──────── DATASET

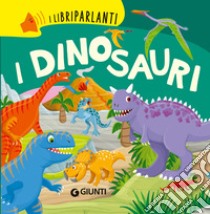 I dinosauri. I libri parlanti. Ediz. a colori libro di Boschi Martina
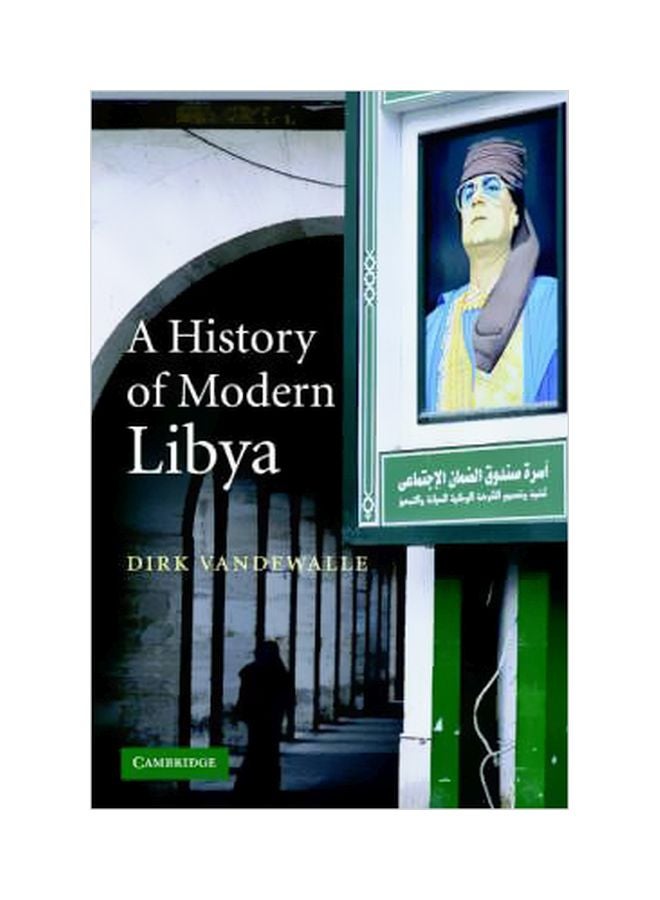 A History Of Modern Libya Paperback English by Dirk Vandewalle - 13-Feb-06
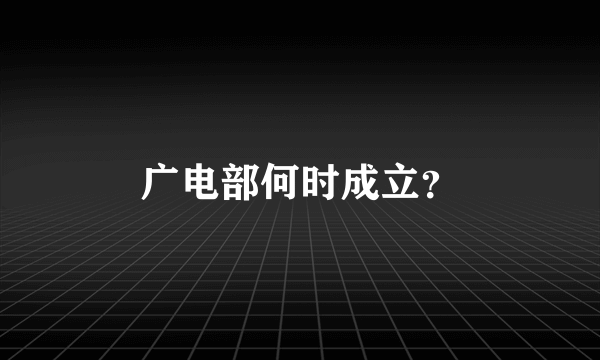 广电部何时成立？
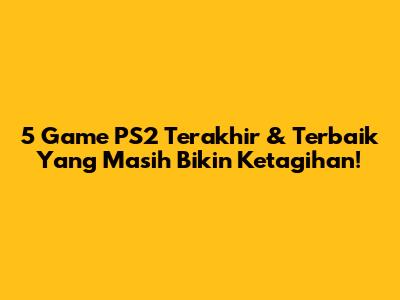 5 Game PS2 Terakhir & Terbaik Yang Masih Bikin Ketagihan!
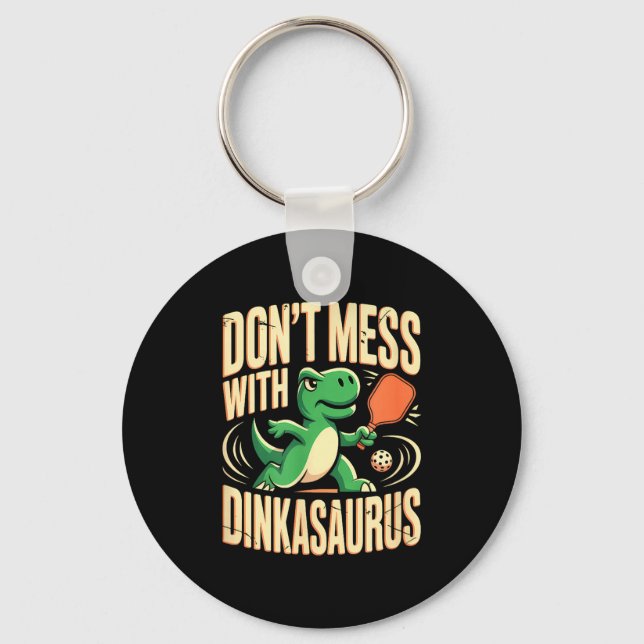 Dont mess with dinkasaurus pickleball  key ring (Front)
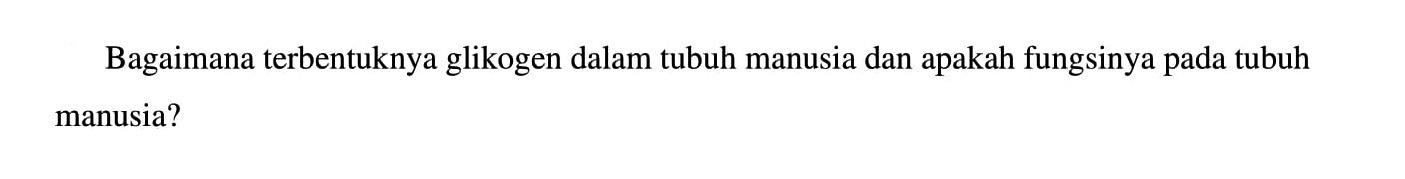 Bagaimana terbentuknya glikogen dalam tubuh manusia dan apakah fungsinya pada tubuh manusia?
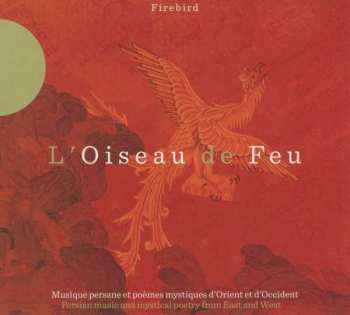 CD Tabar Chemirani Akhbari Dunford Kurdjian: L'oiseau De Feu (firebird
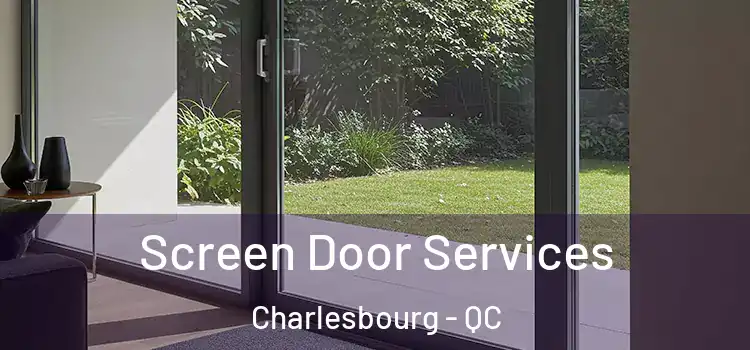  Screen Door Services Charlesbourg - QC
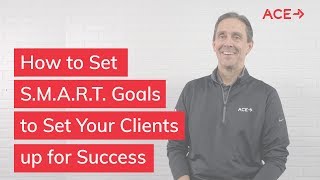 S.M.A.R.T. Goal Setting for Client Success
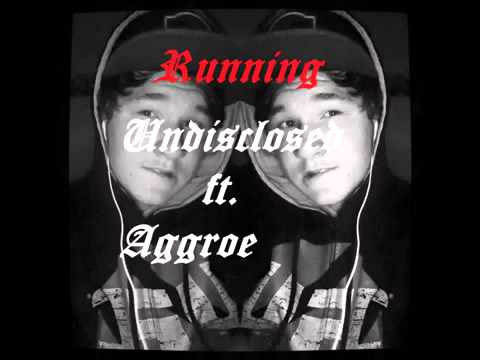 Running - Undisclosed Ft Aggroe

────────────────
──────── DATASET

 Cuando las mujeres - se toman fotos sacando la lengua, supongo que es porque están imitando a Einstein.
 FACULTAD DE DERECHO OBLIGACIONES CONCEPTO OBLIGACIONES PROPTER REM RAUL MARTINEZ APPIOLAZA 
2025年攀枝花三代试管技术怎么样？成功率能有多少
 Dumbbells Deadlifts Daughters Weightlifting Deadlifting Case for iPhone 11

────────────────

— TASK BRIEF —
Reproduce the entries exactly, from the line with "I dinosauri. I" to the line with "Running - Undisclosed Ft Aggroe", both lines included, keeping no pictures.

— RESULT FOR THIS EXERCISE —
 I dinosauri. I libri parlanti. Ediz. a colori libro di Boschi Martina
 A History Of Modern Libya Paperback English by Dirk Vandewalle - 13-Feb-06
 广电部何时成立？
 5 Game PS2 Terakhir & Terbaik Yang Masih Bikin Ketagihan!
 Dont mess with dinkasaurus pickleball  key ring (Front)
 Bagaimana terbentuknya glikogen dalam tubuh manusia dan apakah fungsinya pada tubuh manusia?
 CD Tabar Chemirani Akhbari Dunford Kurdjian: L'oiseau De Feu (firebird
  Screen Door Services Charlesbourg - QC
 S.M.A.R.T. Goal Setting for Client Success
 Running - Undisclosed Ft Aggroe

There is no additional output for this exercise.